Teria bom e longo trabalho de convencimento comigo, o doutor Mansur. Não que, racionalmente, eu não concorde 820% com o sistema de ir escancarando janelas múltiplas, para escapar aos desesperos abafados. É sábio. O causo é aderir coraçãomente. Penso todo o tempo, decerto, em alegrias várias, para me ir confortando dos aborreceres. O feriado que vem, a semana que explode em festinha de sábado, o (ao menos) bife de fígado que me aguarda pressuroso no almoço, nham! – sobremesa ante as agruras.
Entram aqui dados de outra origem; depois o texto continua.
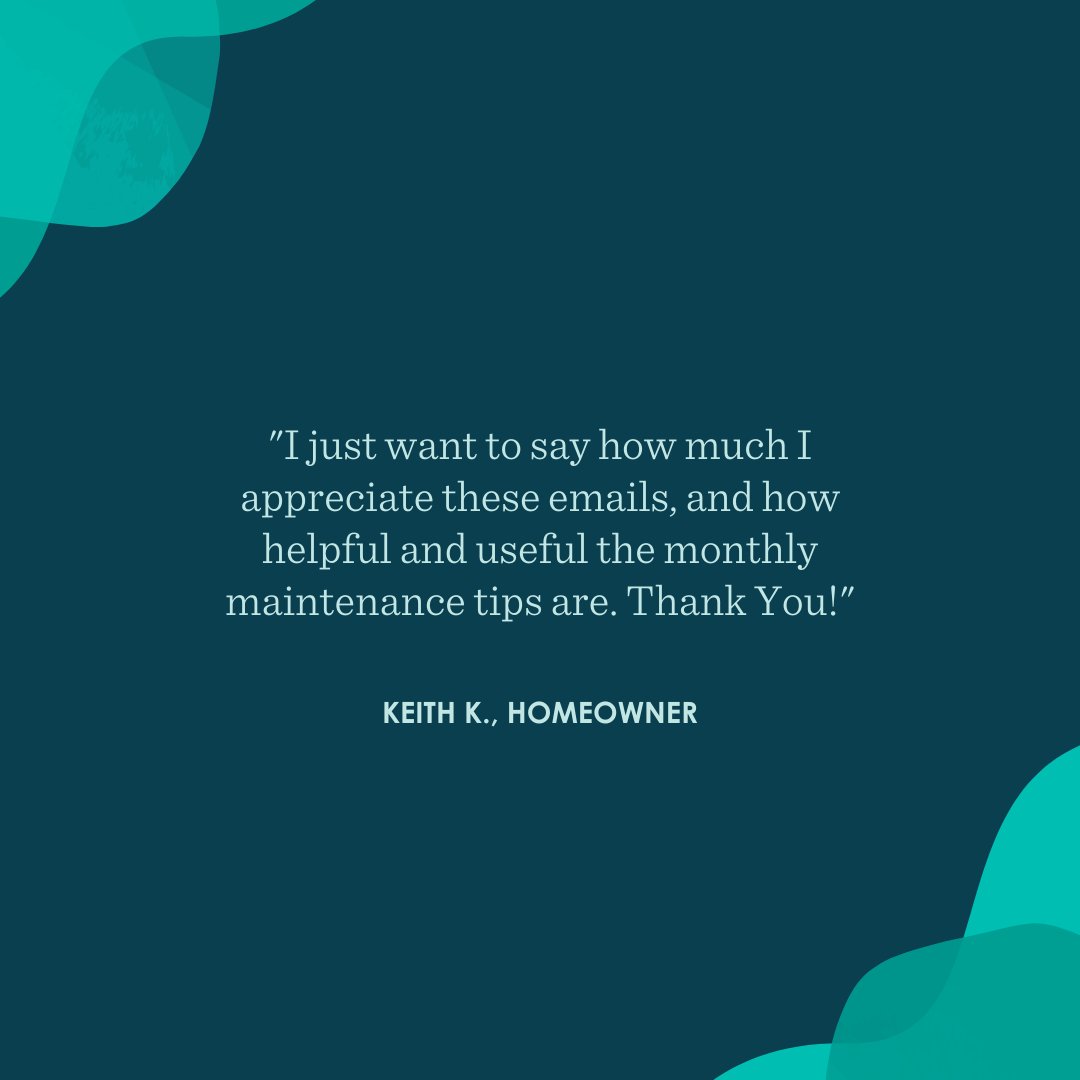 Our goal is always to make homeowners' lives easier and unburden you from the stresses of owning your new home! So when we hear feedback like this, it makes our day! 😍  

#HomeMaintenance #HappyCustomers #ANHWP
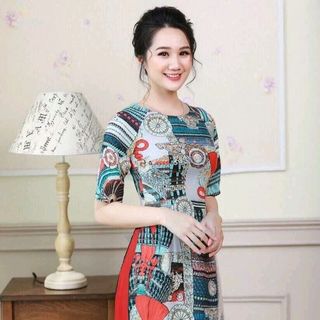 set áo dài cách tân cao cấp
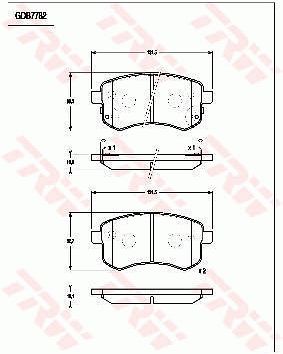 TRW DISC BRAKE PADS - TecDoc Only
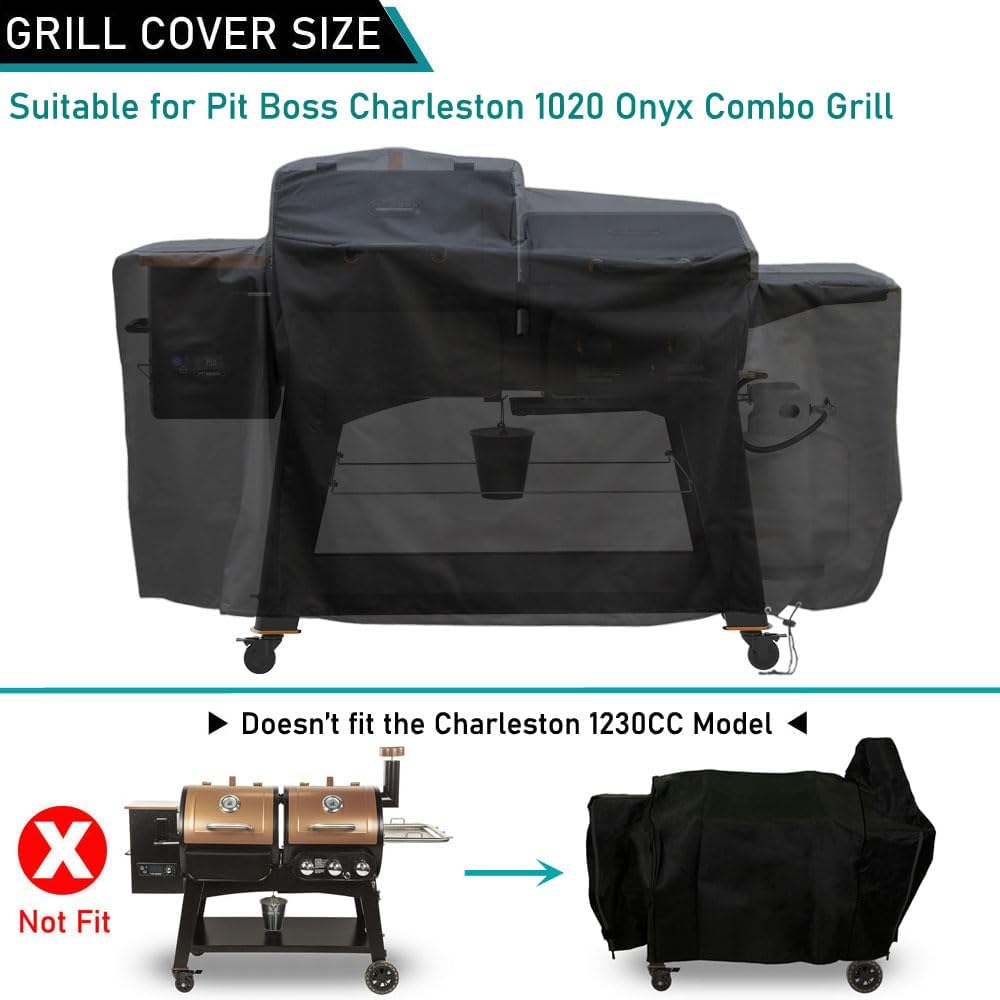Cubierta parrilla Pit Boss Charleston PB1020NX impermeable 600D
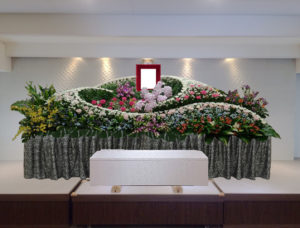 生野区葬儀　花祭壇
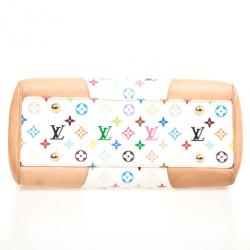 مملوكة مسبقًا Louis Vuitton White Multicolor Beverly GM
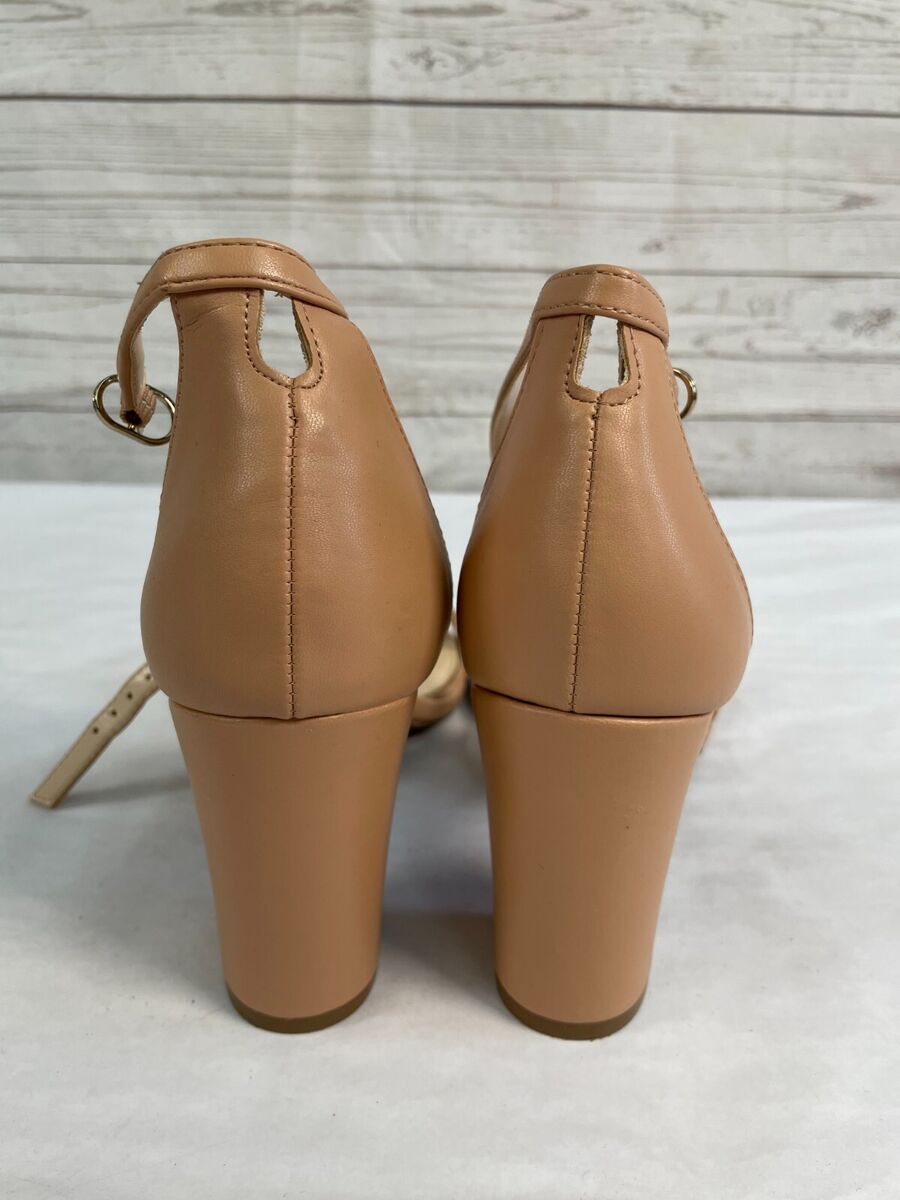 Jessica Simpson JP-HAZZU Women's Beige Open Toe Ankle Strap Jessica Simpson JP-HAZZU Women's Beige Open Toe Ankle Strap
Mas não me tornei ainda, ó pena, aquela que areja a concentração de modo tal que não sobra germe roendo as entranhas, no intervalo de duas preocupações; não encontrei o desvio inteiro e definitivo que peterpamente nos invade, que nos voa para Pasárgada e lá nos conserva nuzinhos de lembranças, mansamente puros, limpos, adões e evas ao contrário, tornados à inocência e desembocados direto do choro e ranger de dentes para o éden automático.

Isso não sei. Por mais que me agarre às expectativas felizes, conservo eterna uma melancoliazinha de fundo, focada na amofinação da hora ou na permanente – a tristeza de desestimação. Trabalho, por exemplo. Trabalho é coisa que só sigo tolerando com todas as 5.437 janelas descerradas de par em par, arreganhadas quase psicoticamente, e ainda assim permanece inexpulsável o cheiro de mofo. Sobrevivo; sobrevivo bem até; porém vou lidando com a ferida que completamente não sara, que sangra contínua em suas erupções tão fortes como bissextas. Cismas de saúde (saúde financeira e amorosa inclusive), quando as há: infernos de teimosia. Não existe filme visto nem dia amanhecido nem noite anoitecida nem sonho sonhado que me distraia de maneira absoluta. Mora sempre, no canto do riso, a pulga que também se recreia atrás da orelha.

Porque não deixam de ser isto, os melancólicos: perfeccionistas de vida. Criaturas que não sabem, tanto quanto queriam, delegar-se ao tempo e respectivas providências. Criaturas pouco capazes para o ruim e menos ainda para o irremediável, orgulhosas demais para não suspeitarem da alegria.

Quem souber a cura, que não tarde e se chegue. Há de achar cortina e coração abertos.